Das Mysteriöse an der Geschichte: Die entsorgte Packung stammte aus einer Lieferung von 1150 Kartons Biobananen aus Ecuador, die auf dem Seeweg in die Niederlande und dann per Lkw weiter nach Erding gebracht worden war. Weitere Drogenpäckchen wurden in der ganzen Ladung aber nicht mehr aufgespürt, weder im Lager des Unternehmens noch in den bereits belieferten Supermärkten.

Kleine Mengen werden in Shampoo-Flaschen oder auch mal in Badelatschen transportiert

Abgesehen von Khat ist Kokain jedenfalls immer noch die größte Nummer unter den Drogenfunden des Zolls; bevorzugte Exportgegend ist weiterhin Südamerika, wie Thomas Meister bestätigt: "Man kann es nicht pauschalieren, aber das ist schon ein Schwerpunkt." Aber gerade aus Südamerika sind viele direkte Flugverbindungen weggebrochen während der Corona-Pandemie. Heutzutage werden einige wenige Drehkreuze angesteuert wie Madrid, Rom, Amsterdam und in Deutschland vor allem Frankfurt.

Außer in Frachtsendungen werden die Fahnder meist im Handgepäck fündig, dann freilich eher mit geringen Mengen. Bei der Enttarnung von kreativen Verstecken spielt oft das auffallende Gewicht eine Rolle, erzählt Thomas Meister: So kommen bei Kontrollen mitunter ungewöhnlich schwere Flaschen mit Schaumbad, Duschgel oder Shampoo zum Vorschein - da schwimmt dann oben etwas Waschmittel und abgetrennt darunter befinden sich die Drogen.

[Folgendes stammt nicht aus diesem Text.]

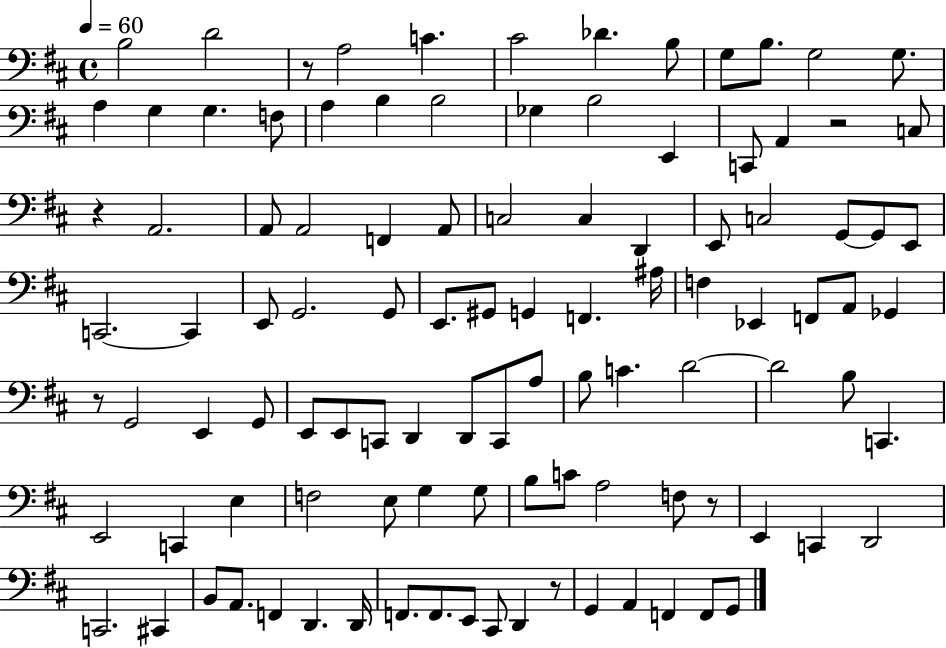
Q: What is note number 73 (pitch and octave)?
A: E3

Bei einem besonders elegant gekleideten Geschäftsmann, der aus São Paulo angekommen war, wurden die Münchner Kontrolleure einst hellhörig, als er nicht so richtig überzeugend erklären konnte, was die Badelatschen in seinem Gepäck zu suchen hatten. Auch da half das Röntgen schnell weiter: In den Sohlen war Kokain eingearbeitet, insgesamt ein Kilo.